== Segment start ==
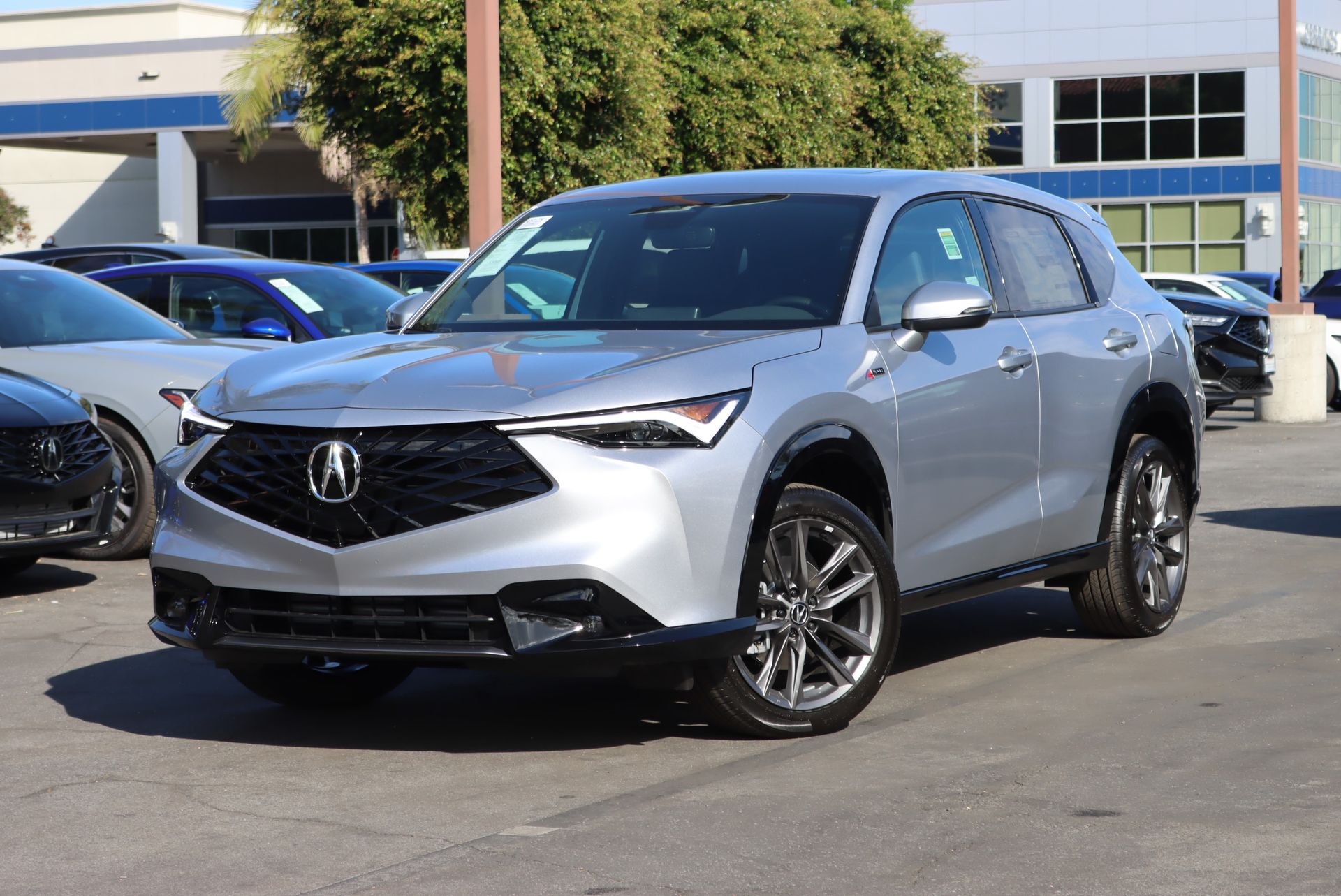 2025 Acura ADX
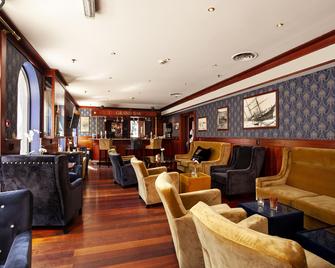 Grand Hotel Arendal - Unike Hoteller - Arendal - Lounge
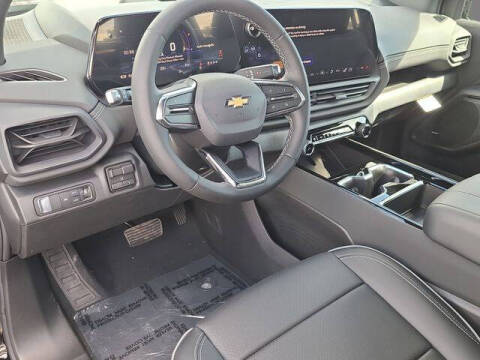 2026 Chevrolet Silverado EV LT
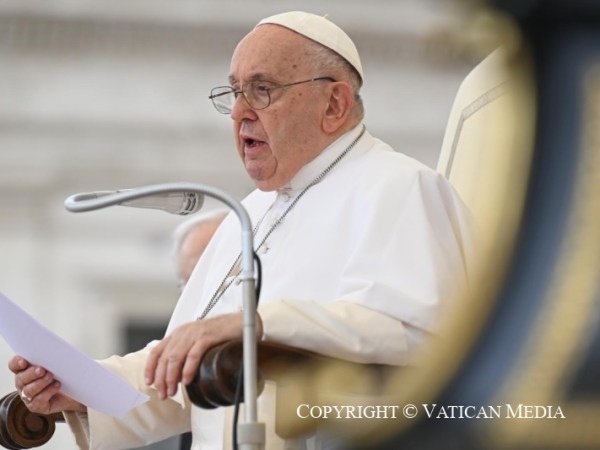 Papa Francisco: «La pasión por la evangelización: el celo apostólico del&nbsp;creyente»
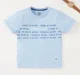 Boys Organic T-Shirt With Print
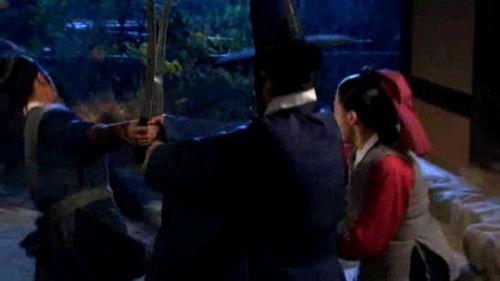 Dong Yi Season 1 Episode 7 - The Plan That Backfired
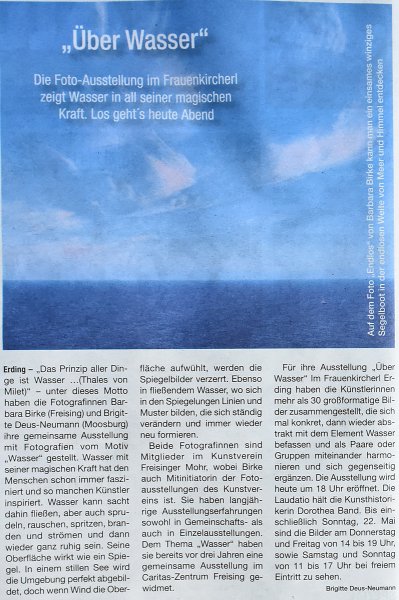 Hallo Erding vom 18. Mai 2022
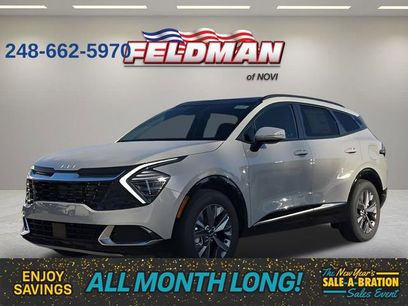 Used 2025 Kia Sportage SX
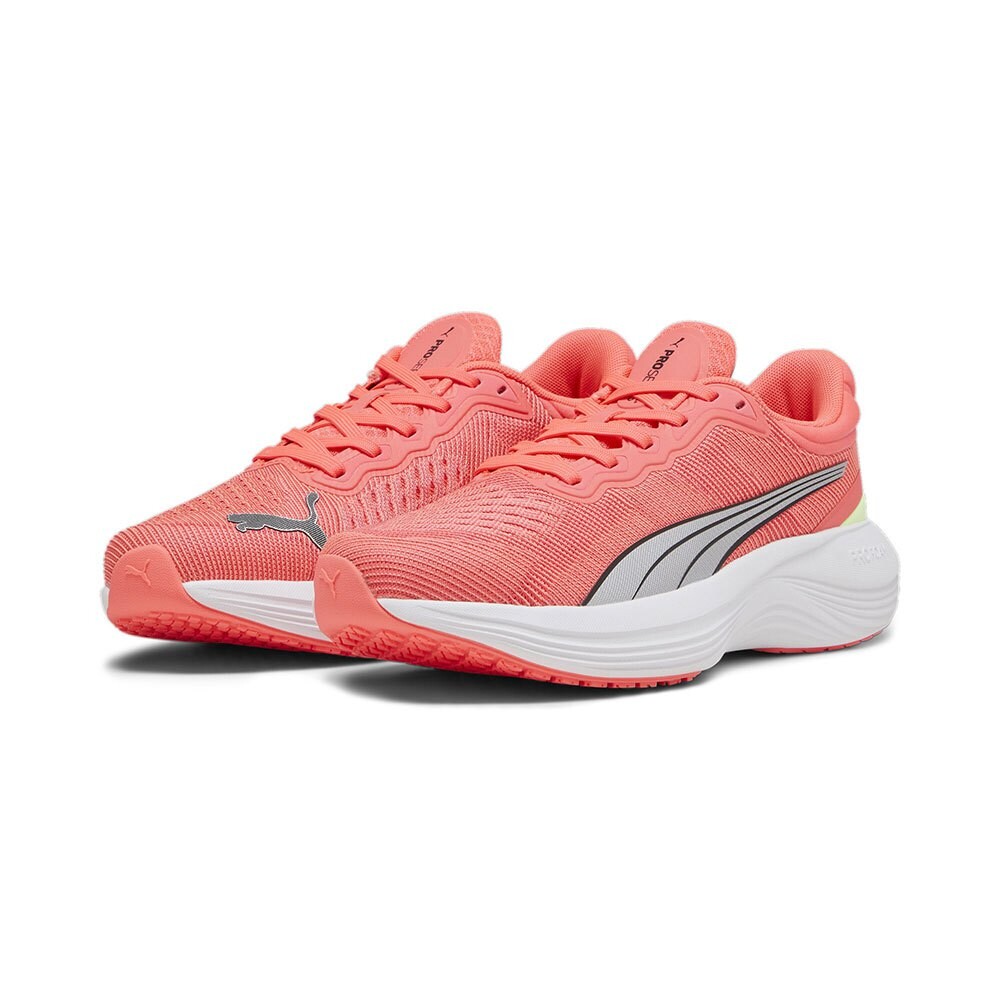 

Кроссовки Puma Scend Pro Engineered, оранжевый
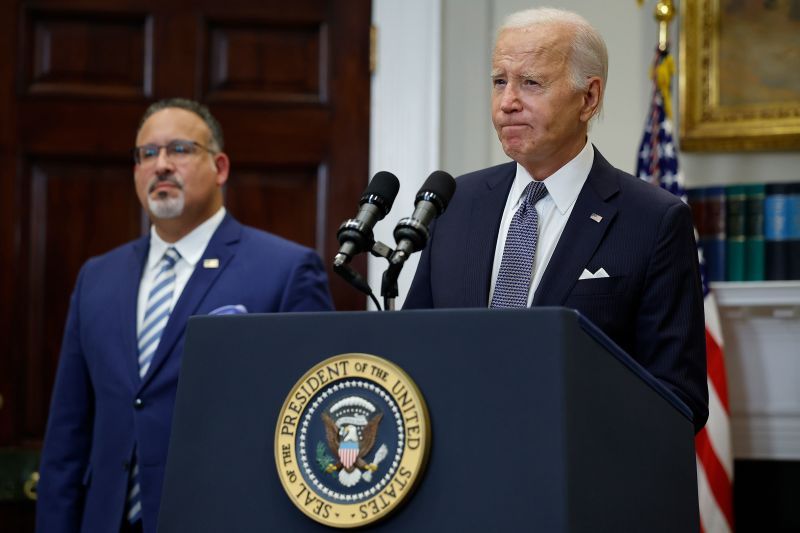 Student Loan Forgiveness: Biden To Cancel Another $5 Billion Of Debt ...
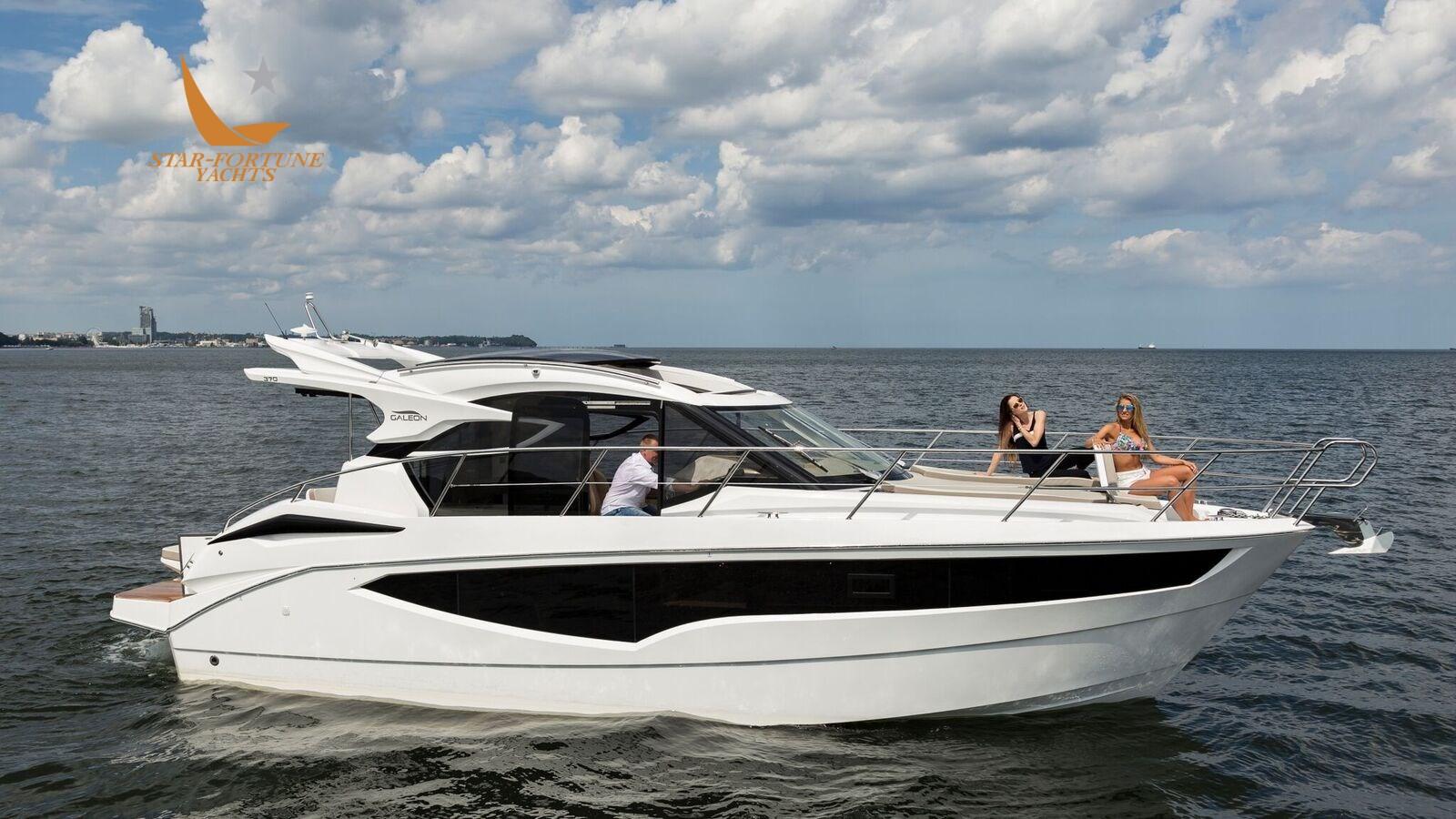 galeon 370 htc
== Segment end ==
-- HOW TO COMPLETE THIS TASK --
The result should be a verbatim copy of the data, free of pictures.

-- YOUR SOLUTION --
 2025 Acura ADX
 Grand Hotel Arendal - Unike Hoteller - Arendal - Lounge
 2026 Chevrolet Silverado EV LT
 Papa Francisco: «La pasión por la evangelización: el celo apostólico del&nbsp;creyente»
 Boys Organic T-Shirt With Print
 Dong Yi Season 1 Episode 7 - The Plan That Backfired
 Hallo Erding vom 18. Mai 2022
 Used 2025 Kia Sportage SX

Кроссовки Puma Scend Pro Engineered, оранжевый
 Student Loan Forgiveness: Biden To Cancel Another $5 Billion Of Debt ...
 galeon 370 htc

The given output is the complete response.